Dans la vie, Jeff Tweedy est un être timoré, semblable à l’albatros du poème de Baudelaire: majestueux en vol (en studio ou sur scène), il se révèle pataud et mésadapté sur la terre ferme. C’est un être fragile, sujet aux migraines, qu’on verra rendre son déjeuner aux toilettes à la suite d’une discussion animée. C’est un père de famille banal mais aimant, qui va à un comptoir de fast-food pour chercher des hamburgers avant de se rendre compte qu’il n’a pas un rond en poche. Un leader malgré lui, qui semble parfois dépourvu de l’autorité morale nécessaire pour mener à bien l’enregistrement de cet ambitieux et anti-commercial Yankee Hotel Foxtrot. Et pourtant, il y arrive. Tout comme Jones arrive à capter cet éclair de génie, cette énergie intangible qui fait que tous les morceaux tombent en place et qui laisse entrevoir que ce disque qui se crée sous nos yeux sera bel et bien un chef-d’oeuvre.
Certains ont aussi affirmé que I Am Trying to Break Your Heart était un véritable réquisitoire contre les majors du disque, qui n’arrivent plus à séparer le bon grain de l’ivraie tant ils sont obsédés par le profit à court terme. C’est vrai; mais, là encore, Jones fait preuve d’assez de subtilité pour laisser des intervenants extérieurs mener la charge (la plupart des commentaires haineux à l’endroit des majors sortent de la bouche de David Fricke, journaliste de Rolling Stone). Quant aux représentants de l’industrie qu’on y aperçoit, ils n’ont besoin de personne pour se caler.

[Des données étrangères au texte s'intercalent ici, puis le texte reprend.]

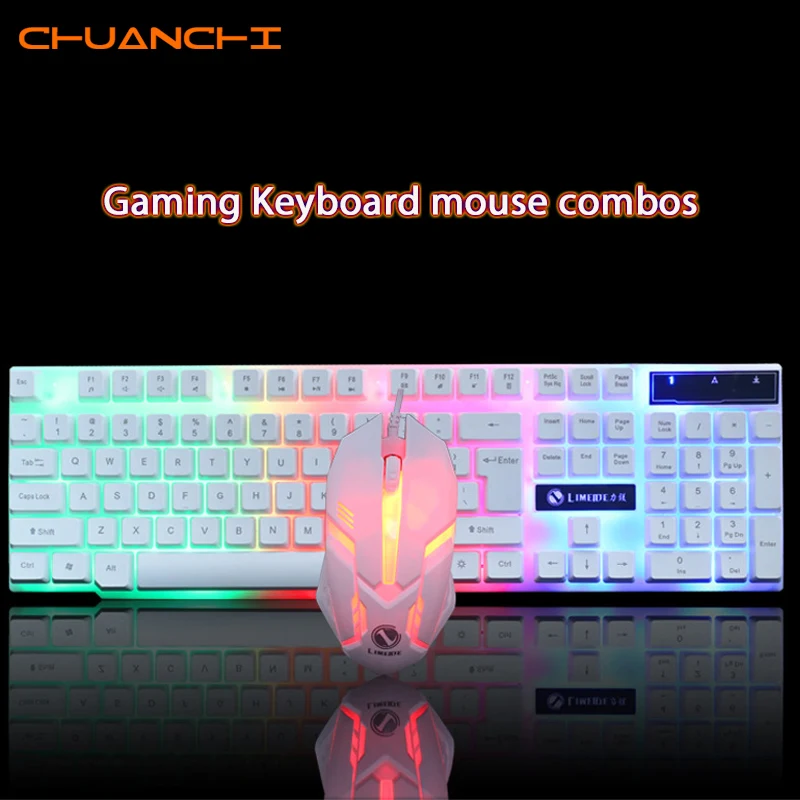 

CHUANCHI Russian/English wired LED light Keyboard and Optical Mouse Combo Black/white 104 Keys for Windows android IOS for gamer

Bien sûr, il y a un happy end à cette histoire: après huit mois de tergiversations, le groupe finit par décrocher un nouveau contrat de disques (ironiquement avec Nonesuch, une autre filiale de Warner, tout comme Reprise) et Yankee Hotel Foxtrot, unanimement louangé comme l’un des albums de l’année, fait un carton. I Am Trying to Break Your Heart est certes un très beau film sur le mystère de la création, mais son plus grand mérite, c’est de donner au spectateur l’envie d’écouter la musique de Wilco.